23 Stephen Street Lower, Dublin 2, (01) 416 0040
Cloud Picker Coffee
Roasting is arguably the most crucial part of the process – beans must be selected from all around the world, toasted to bring out its most seductive characteristics, and then blended to create those notes of citrus, caramel, chocolate, butter, or what have you. In today’s buzzing world, there are those who brew, those who roast coffee, and those who do both. Cloudpicker is Dublin’s first micro coffee roaster, operating since 2013. Find Cloudpicker beans, which are designated by their baby blue logo, at Fallon and Byrne, at cafes like Oxmantown, and also at their hub in the Science Gallery on Pearse Street. For you expats jonesing for an icy start to your day, Cloud Picker bottles a wicked cold brew, which is coffee made by steeping chilled water in coffee grounds.
Science Gallery, Naughton Institute, Trinity College, Pearse Street.
3FE is the prodigy of the Dublin coffee scene. Cherub-cheeked Colin Harmon quit his job as a banker in 2008 to devote himself to coffee, and then he proceeded to win, in rapid succession, a number of worldwide barista awards. Harmon, who started on at the bottom as a barista at Coffee Angel, began roasting his own beans in 2014. These days the 3FE Momentum is one of the most coveted blends on the market, sweet and tempered with notes of plum, bourbon, and walnut. The headquarters of 3FE in the IFSC is a café, but also has a shop and a training space.
32 Grand Canal Street Lower, Dublin 2.
Despite what the name might imply, founder and former sound engineer Ferg Brown was a brewer before he was a roaster, and before that he was a serious drinker. Having developed a coffee habit in childhood, sound engineer Ferg Brown worked his way up the caffeine ladder, starting with a coffee cart that he took around Ireland. He opened his first café, Roasted Brown, in the FilmBase space now occupied by First Draft. It was in 2013 he started roasting his own in county Wicklow, and we’re glad he did, especially because of his espresso with its flavors of caramel, hazelnuts, and honey. Look for Roasted Brown in cafes around the city, like the swanky Love Supreme. Roasted Brown also has its own Dublin café, the somewhat preciously named Laine My Love on the industrial strip of Talbot Street.
32 Grand Canal Street Lower, Dublin 2.
Bewley’s Oriental Café
Long before contemporary specialty cafés, there was, in the 17th-19th centuries, a buzzing culture of the Dublin coffeehouse. Students, scions, writers, politicians, and philosophers, fired up by the cool, new drinks of java and cha, would gather to debate and pontificate, and occasionally plot rebellions and challenge each other to duels. The Dublin coffeehouse lost its luster in the mid-twentieth century, but in its heyday, it was quite the scene.

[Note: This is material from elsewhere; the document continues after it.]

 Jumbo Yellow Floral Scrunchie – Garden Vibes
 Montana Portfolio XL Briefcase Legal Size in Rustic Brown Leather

For a taste of the way they did it in the old days, step into Bewleys Oriental Café. Samuel Bewley, a Quaker entrepreneur, was the first man in 1830 to import Chinese tea directly to Dublin. Bewley’s Oriental Café on Grafton Street still stands when the Bewley family opened it in 1927. Take in the velvet seats, the kitsch but still dazzling Orientalist mosaics, high ceilings, and the stained glass windows. The waitstaff are in starched white shirts, and there are twisting staircases and the nooks for private conversation. Occasionally they even do a reading or put on a play. It might be a bit of a tourist trap, but Bewley’s is still magical.
Bewley’s Oriental Café on Grafton Street is closed for renovations, and due to reopen next year. There are other Bewleys in the city, easily recognizable by its retro, copperplate script logo. Our thoughts? If you want the Bewley experience, hold out for the Oriental reopening.
32 Grand Canal Street Lower, Dublin 2.